_About this task_.
Please reproduce the entries below exactly, leaving the pictures out.

___

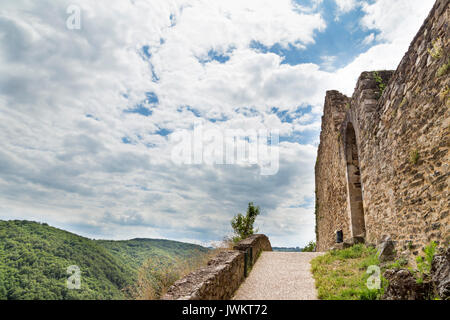 Schloss von Najac auf einem Hügel im Aveyron, Frankreich - Außenwand und Pfad Stockfoto
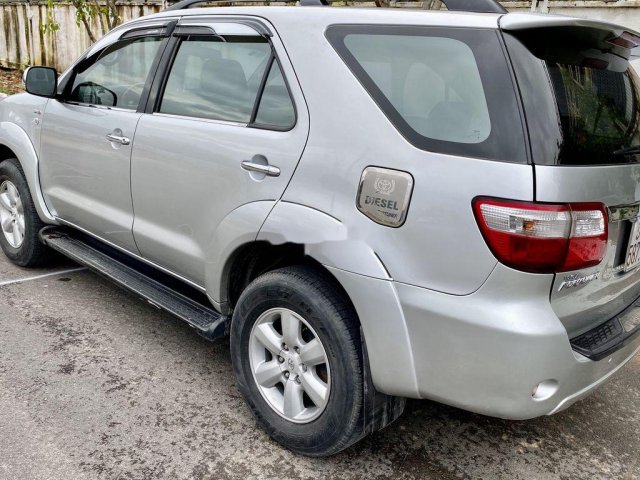 Bán Toyota Fortuner sản xuất năm 2009, màu bạc 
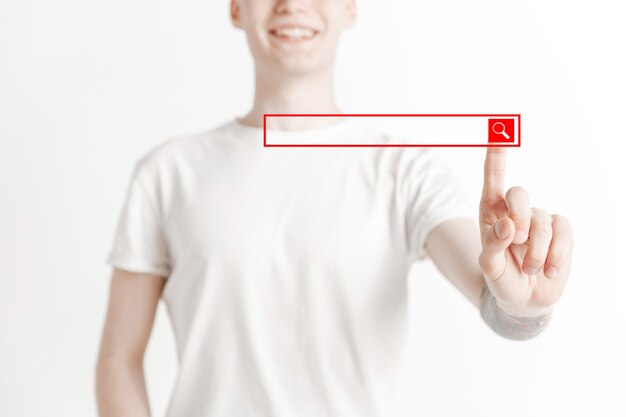 Doigt d'homme d'affaires touchant la barre de recherche vide, concept de fond de commerce moderne - peut être utilisé pour insérer du texte ou des images.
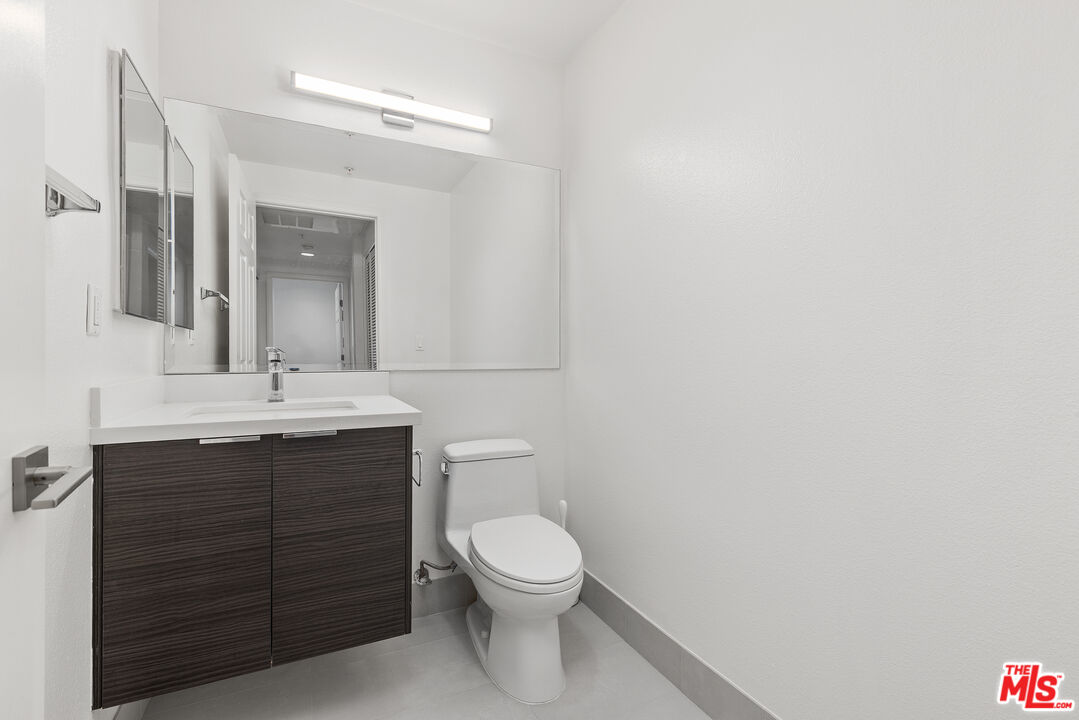 6038 Carlton Way Unit: 106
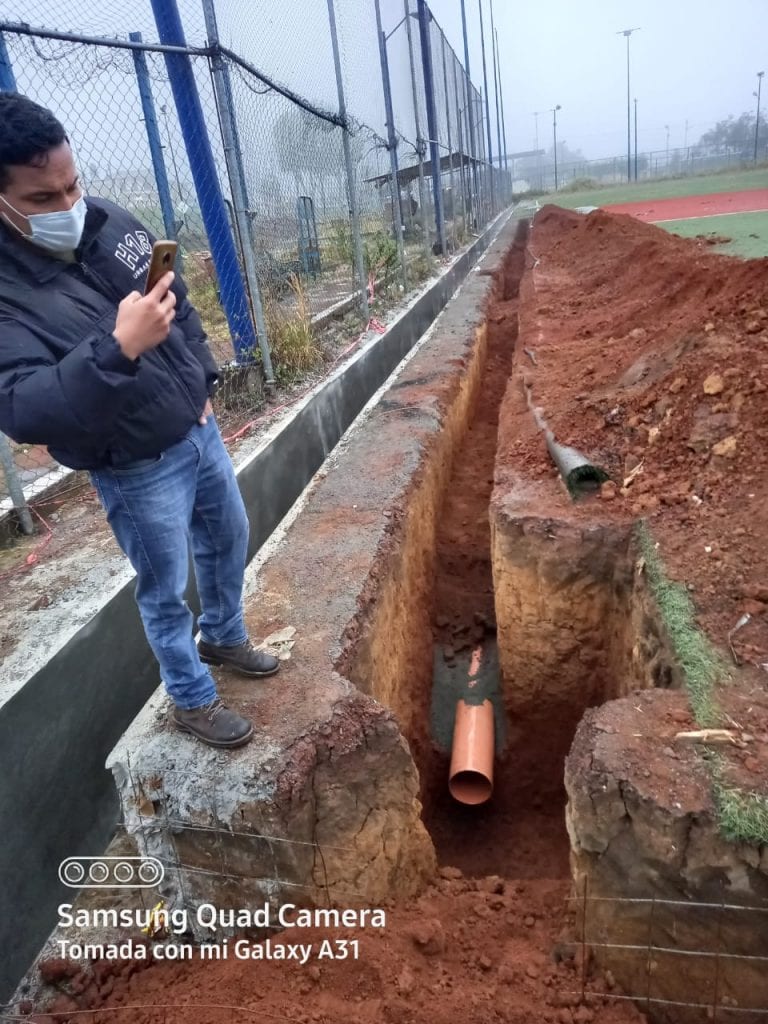 Secretaría de Gobernación estatal supervisa fallas en la obra del centro deportivo Juárez en Huauchinango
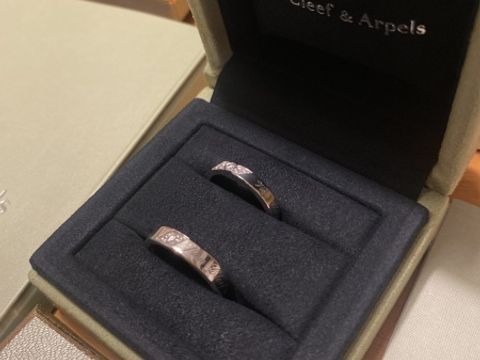 【ヴァン クリーフ＆アーペル(Van Cleef & Arpels)の口コミ】 美しいけど、可愛いデザイン、男性の物にもダイヤがついており、きらびや…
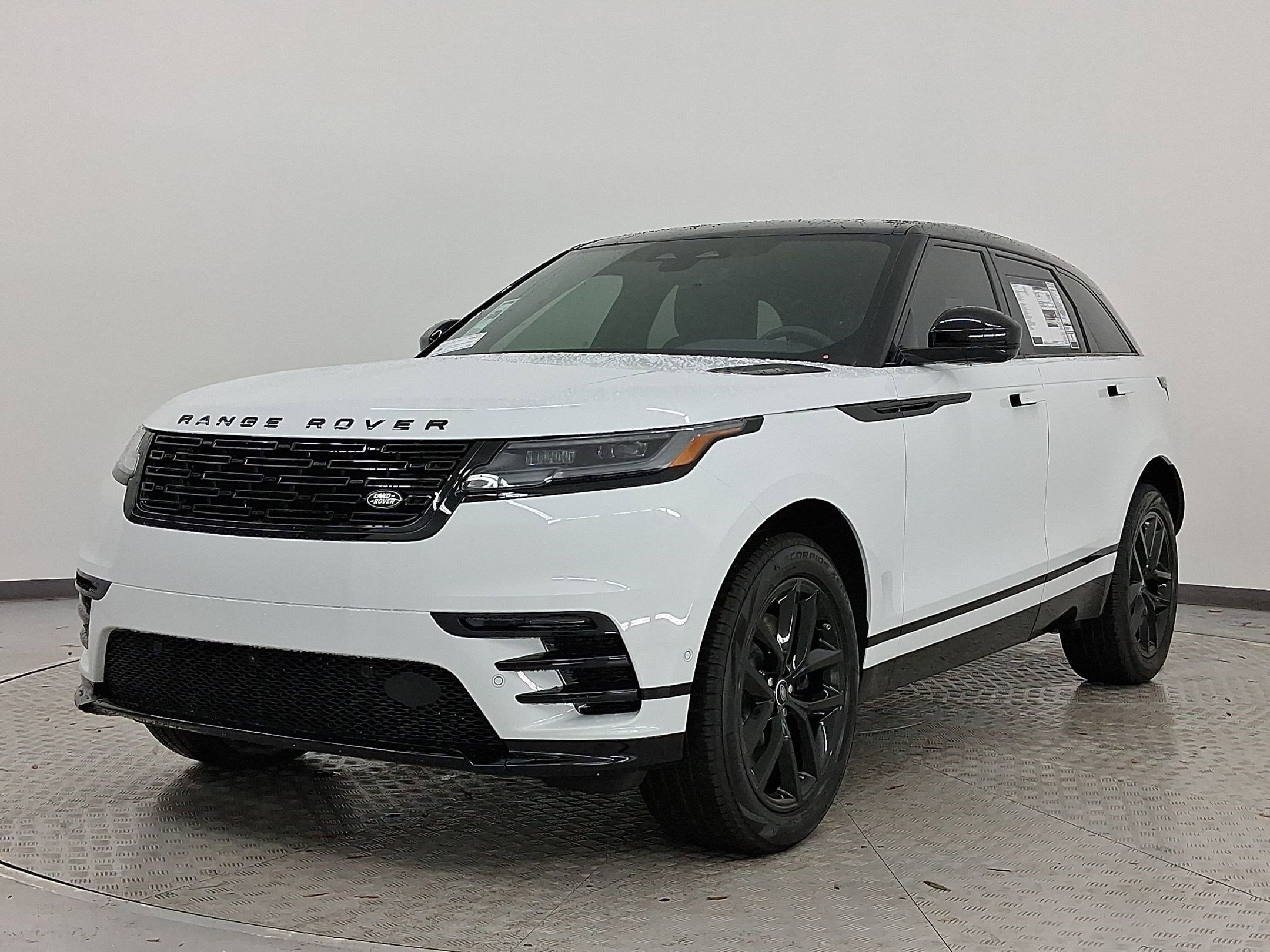 2026 Land Rover Range Rover Velar Dynamic SE's photo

___

_Task answer_.
 Schloss von Najac auf einem Hügel im Aveyron, Frankreich - Außenwand und Pfad Stockfoto
 Bán Toyota Fortuner sản xuất năm 2009, màu bạc 
 Doigt d'homme d'affaires touchant la barre de recherche vide, concept de fond de commerce moderne - peut être utilisé pour insérer du texte ou des images.
 6038 Carlton Way Unit: 106
 Secretaría de Gobernación estatal supervisa fallas en la obra del centro deportivo Juárez en Huauchinango
 【ヴァン クリーフ＆アーペル(Van Cleef & Arpels)の口コミ】 美しいけど、可愛いデザイン、男性の物にもダイヤがついており、きらびや…
 2026 Land Rover Range Rover Velar Dynamic SE's photo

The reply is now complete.